Die Niederlage im Finale der WM 1974 war für Winner ganz klar Resultat keinerlei Verschwörung, sondern lag an der Hybris des besten Teams der Welt. Doch: "Das Wissen, dass die holländische Niederlage in München eher ein Akt versehentlicher Selbstzerstörung als ein Mord war, macht den Verlust nicht kleiner. Es macht die Geschichte vielmehr noch ergreifender. Die Selbstdestruktion von Genie und Schönheit strahlt immer eine besondere Faszination aus: Man denke an Jim Morrison, Marilyn Monroe, Kurt Cobain oder Rainer Werner Fassbinder. Und auch wenn Fußball uns Interessantes über Politik, Geschichte und Kultur erzählen kann, ist er ungleich wirkungsmächtiger als ein rein narratives Ritual. Auf dieser Ebene haben die Holländer sich in den Rang großer Helden der Weltliteratur wie Achilles, Othello, König Lear und Ödipus eingereiht, die durch die Last ihres Talents und einen einzigen tödlichen Makel zu Fall gebracht wurden."

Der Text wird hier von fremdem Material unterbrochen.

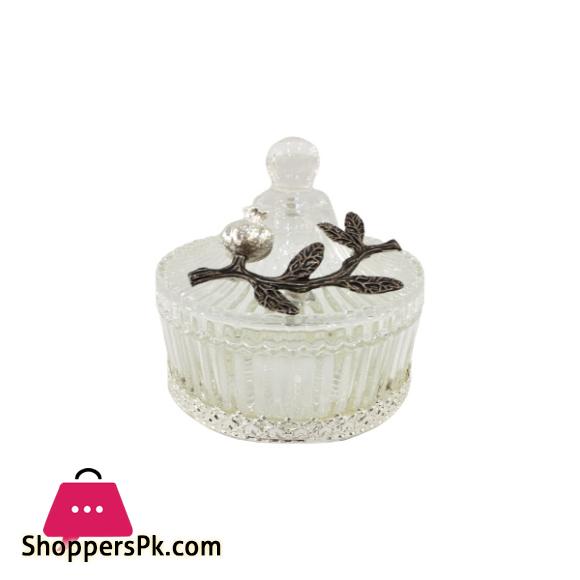 Orchid Candy Bowl with Lid Silver - WB931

Der fußballerische Erfolg brachte dem global relativ kleinen Land einen großen internationalen Namen und wurde zum Teil der nationalen Identität der traditionell stark kulturell (religiös, politisch) segmentierten Gesellschaft. Ein Vergleich der TV-Einschaltquoten zeigt, daß in den Niederlanden zwei Drittel der Leute wichtige Länderspiele schauen, während dies im ja nicht gerade fußballabstinenten England fünfzig Prozent tun. "Während großer Turniere ist es mittlerweile auch für patriotische Engländer Mode geworden, Häuser und Autos mit St.-Georgs-Fahnen zu schmücken. Aber dieser Ausdruck von Fußballnationalismus wirkt mickrig verglichen mit der flächendeckenden Orange-Färbung Hollands."

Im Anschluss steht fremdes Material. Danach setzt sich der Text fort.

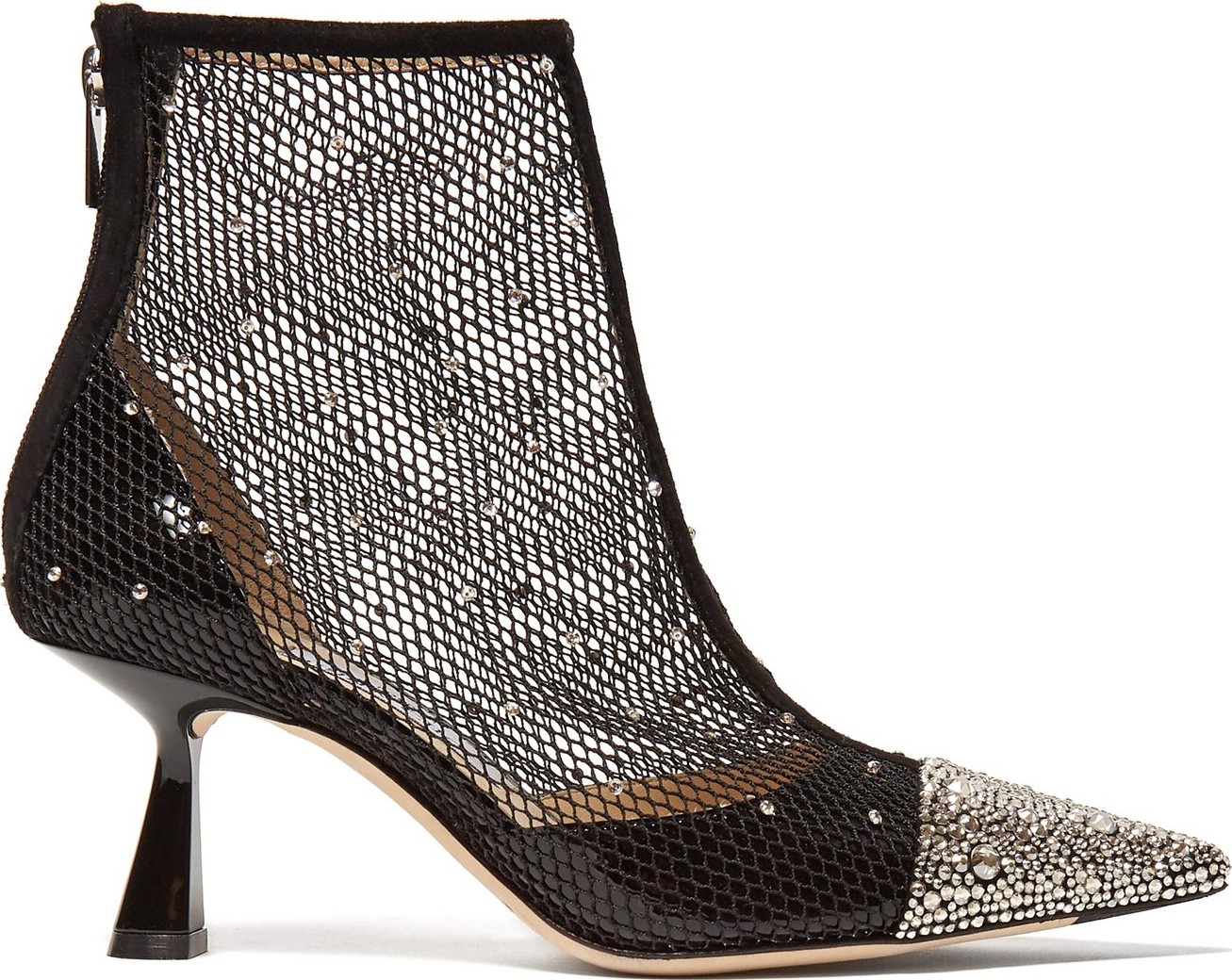 Jimmy Choo Kix 65 crystal-embellished mesh ankle boots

Dies kann aber auch ins Negative umschlagen. So verweist Winner auf den zeitlichen Zusammenhang zwischen dem Aufstieg des Rechtspopulisten Pim Fortuyn, der das zuvor so stabil scheinende politische System der Niederlande in Rekordzeit aufrollte, und dem traumatischen Scheitern der Nationalmannschaft in der Qualifikation für die WM 2002. Die britische Botschafter Colin Budd berichtete damals über die plötzlich herrschende Krisenstimmung nach London: "[Die Holländer] glaubten, in einem Land zu leben, in dem alles funktionierte, und verschlossen bei florierender Wirtschaft auch vor offensichtlichen Fehlentwicklungen die Augen. 2001 machten sie sich dann jedoch plötzlich Sorgen: Über die Mängel in Schienenverkehr, Schulen und Krankenhäusern, den gescheiterten Versuch, die Zahl der Anspruchsberechtigten für eine Invaliditätsrente zu beschneiden, die Maul- und Klauenseuche, die wachsende öffentliche Unordnung, das Verhalten der Einwanderer und - nicht zuletzt - das Scheitern der Fußballnationalmannschaft in der WM-Qualifikation."